▸ REQUIRED WORK: The listing below holds a line with "Rare collectable postcards" and a later line with "Автоматическое оборудование для". Write out those two lines and every line between them, exactly, and nothing else.

▸ DATA EXTRACT:
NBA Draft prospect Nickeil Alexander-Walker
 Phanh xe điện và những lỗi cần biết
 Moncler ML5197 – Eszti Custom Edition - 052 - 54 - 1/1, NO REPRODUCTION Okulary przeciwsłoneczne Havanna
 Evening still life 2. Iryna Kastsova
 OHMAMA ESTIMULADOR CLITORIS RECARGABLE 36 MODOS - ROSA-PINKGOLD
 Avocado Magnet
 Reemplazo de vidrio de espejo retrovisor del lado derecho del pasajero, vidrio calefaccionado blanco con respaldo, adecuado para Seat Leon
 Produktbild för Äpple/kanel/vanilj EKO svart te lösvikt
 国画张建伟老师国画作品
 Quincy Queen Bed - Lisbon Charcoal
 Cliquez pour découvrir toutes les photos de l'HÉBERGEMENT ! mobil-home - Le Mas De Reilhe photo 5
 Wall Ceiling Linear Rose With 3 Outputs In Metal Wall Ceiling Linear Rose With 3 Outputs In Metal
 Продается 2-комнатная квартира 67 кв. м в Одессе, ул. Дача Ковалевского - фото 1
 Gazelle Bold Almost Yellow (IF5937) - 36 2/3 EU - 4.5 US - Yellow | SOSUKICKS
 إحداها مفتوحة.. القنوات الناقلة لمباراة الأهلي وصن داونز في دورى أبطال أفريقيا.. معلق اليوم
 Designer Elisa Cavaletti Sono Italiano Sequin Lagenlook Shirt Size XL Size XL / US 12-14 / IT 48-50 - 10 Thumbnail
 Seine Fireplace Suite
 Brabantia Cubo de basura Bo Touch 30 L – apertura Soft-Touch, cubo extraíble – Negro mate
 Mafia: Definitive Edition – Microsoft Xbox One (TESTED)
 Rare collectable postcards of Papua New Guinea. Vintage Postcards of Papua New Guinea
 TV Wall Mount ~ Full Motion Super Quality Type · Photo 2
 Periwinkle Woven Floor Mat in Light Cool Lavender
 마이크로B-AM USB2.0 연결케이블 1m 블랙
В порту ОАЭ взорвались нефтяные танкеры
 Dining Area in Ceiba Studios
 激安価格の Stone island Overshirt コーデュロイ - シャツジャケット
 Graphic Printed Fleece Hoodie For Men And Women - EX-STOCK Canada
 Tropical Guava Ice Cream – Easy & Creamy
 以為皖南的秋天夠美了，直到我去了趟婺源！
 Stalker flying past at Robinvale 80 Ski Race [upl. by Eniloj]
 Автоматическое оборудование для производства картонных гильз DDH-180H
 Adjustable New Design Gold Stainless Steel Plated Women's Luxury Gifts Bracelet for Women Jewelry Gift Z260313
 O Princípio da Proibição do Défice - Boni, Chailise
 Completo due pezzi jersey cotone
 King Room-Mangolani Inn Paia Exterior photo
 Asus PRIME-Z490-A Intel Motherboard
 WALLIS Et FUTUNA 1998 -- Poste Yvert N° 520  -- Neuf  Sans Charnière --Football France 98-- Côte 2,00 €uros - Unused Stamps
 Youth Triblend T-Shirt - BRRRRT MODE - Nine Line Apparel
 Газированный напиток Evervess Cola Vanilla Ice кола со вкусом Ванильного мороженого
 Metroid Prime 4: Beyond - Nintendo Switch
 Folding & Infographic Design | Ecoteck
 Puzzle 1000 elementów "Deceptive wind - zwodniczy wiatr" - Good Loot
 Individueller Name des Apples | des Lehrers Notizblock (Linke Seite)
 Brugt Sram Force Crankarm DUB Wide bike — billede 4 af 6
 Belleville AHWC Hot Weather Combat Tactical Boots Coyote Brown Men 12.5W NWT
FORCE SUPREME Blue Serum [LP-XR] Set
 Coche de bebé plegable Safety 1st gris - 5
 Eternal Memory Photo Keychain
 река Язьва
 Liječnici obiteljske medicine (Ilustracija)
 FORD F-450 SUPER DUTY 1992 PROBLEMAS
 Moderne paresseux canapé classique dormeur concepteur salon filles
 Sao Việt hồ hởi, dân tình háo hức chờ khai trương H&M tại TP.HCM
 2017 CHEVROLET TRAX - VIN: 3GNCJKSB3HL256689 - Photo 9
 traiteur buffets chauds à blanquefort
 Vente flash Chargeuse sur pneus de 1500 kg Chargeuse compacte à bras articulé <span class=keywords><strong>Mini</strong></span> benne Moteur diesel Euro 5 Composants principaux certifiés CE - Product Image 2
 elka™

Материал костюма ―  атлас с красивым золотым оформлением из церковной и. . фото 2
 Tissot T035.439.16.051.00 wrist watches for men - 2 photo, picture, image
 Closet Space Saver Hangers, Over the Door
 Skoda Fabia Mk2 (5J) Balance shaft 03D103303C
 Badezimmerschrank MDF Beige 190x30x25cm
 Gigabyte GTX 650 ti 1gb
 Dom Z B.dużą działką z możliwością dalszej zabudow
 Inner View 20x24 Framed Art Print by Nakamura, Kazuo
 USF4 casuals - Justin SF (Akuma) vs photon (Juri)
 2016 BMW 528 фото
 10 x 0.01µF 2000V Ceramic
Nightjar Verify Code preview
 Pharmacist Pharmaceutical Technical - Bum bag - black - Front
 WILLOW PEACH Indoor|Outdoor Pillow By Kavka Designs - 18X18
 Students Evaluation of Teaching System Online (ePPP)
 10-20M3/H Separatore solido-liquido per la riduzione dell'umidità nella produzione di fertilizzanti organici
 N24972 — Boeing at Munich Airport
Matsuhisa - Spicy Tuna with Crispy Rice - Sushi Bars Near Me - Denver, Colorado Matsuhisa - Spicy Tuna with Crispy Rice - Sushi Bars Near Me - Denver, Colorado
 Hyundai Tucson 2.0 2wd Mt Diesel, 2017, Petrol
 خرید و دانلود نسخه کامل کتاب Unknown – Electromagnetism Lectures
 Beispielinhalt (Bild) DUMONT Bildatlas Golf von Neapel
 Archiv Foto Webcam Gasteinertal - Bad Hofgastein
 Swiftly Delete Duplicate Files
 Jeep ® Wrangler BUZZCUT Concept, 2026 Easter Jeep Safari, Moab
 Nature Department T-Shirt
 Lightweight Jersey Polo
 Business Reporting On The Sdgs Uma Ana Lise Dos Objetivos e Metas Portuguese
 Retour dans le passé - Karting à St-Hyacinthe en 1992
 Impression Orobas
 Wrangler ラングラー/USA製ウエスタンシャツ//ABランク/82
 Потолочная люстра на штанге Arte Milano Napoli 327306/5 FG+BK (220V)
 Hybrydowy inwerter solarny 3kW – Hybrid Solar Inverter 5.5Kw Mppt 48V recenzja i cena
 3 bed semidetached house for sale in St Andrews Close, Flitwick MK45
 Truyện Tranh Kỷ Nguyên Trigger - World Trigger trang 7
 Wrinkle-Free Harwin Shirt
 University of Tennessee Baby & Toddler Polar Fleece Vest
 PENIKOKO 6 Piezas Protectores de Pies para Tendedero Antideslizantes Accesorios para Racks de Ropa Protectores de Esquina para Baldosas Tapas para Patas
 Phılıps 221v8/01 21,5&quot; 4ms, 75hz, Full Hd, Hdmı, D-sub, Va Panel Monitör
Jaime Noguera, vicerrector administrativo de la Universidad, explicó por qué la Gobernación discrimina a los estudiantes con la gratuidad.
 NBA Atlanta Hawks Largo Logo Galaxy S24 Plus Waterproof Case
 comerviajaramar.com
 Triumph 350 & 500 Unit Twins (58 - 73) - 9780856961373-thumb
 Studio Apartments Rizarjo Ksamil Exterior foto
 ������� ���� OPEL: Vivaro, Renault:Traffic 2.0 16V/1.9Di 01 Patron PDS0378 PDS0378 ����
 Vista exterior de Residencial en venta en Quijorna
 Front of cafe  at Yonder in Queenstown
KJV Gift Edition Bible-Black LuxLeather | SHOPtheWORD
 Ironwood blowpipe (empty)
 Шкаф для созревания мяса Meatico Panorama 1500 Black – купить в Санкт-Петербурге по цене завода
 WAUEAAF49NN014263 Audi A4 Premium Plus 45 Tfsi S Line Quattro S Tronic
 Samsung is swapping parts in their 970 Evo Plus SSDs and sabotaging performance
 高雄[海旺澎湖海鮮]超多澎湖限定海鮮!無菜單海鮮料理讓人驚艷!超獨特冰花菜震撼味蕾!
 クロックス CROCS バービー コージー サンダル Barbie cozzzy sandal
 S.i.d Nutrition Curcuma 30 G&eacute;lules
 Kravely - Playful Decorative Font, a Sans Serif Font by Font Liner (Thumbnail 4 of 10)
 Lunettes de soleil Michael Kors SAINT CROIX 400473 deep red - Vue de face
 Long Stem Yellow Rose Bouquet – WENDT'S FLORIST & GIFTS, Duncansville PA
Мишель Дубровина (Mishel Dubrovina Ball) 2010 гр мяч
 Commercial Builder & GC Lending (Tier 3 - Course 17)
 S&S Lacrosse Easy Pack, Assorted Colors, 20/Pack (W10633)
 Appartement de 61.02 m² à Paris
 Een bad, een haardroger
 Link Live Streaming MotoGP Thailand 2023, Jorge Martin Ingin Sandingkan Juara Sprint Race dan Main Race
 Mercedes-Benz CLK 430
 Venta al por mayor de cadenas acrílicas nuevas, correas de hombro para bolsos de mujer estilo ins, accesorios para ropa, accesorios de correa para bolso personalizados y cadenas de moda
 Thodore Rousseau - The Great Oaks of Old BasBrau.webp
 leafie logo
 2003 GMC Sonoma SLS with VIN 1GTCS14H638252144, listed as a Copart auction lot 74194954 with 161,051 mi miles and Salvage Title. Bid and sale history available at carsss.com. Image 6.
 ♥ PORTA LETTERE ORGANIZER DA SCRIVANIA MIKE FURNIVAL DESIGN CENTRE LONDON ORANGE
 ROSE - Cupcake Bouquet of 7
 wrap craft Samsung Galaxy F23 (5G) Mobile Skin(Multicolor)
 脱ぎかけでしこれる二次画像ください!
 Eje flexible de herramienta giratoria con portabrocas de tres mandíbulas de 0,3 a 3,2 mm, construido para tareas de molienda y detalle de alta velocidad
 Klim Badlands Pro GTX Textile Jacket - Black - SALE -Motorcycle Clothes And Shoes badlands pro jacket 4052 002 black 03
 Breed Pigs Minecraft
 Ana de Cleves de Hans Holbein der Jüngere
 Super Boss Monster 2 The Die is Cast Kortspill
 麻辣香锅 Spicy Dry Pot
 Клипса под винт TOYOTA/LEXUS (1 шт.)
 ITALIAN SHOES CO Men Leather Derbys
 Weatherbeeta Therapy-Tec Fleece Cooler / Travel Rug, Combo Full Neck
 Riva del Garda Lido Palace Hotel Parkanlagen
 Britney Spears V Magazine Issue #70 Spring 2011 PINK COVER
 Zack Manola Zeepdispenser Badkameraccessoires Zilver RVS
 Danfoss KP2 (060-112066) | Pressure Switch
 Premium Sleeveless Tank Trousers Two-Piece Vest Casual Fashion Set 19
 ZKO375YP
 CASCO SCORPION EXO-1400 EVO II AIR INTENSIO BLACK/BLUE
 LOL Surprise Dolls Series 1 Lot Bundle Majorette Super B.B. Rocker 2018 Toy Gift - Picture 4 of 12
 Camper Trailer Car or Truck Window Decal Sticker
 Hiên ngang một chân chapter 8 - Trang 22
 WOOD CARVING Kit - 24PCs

▸ ANSWER FOR THE TASK:
 Rare collectable postcards of Papua New Guinea. Vintage Postcards of Papua New Guinea
 TV Wall Mount ~ Full Motion Super Quality Type · Photo 2
 Periwinkle Woven Floor Mat in Light Cool Lavender
 마이크로B-AM USB2.0 연결케이블 1m 블랙
В порту ОАЭ взорвались нефтяные танкеры
 Dining Area in Ceiba Studios
 激安価格の Stone island Overshirt コーデュロイ - シャツジャケット
 Graphic Printed Fleece Hoodie For Men And Women - EX-STOCK Canada
 Tropical Guava Ice Cream – Easy & Creamy
 以為皖南的秋天夠美了，直到我去了趟婺源！
 Stalker flying past at Robinvale 80 Ski Race [upl. by Eniloj]
 Автоматическое оборудование для производства картонных гильз DDH-180H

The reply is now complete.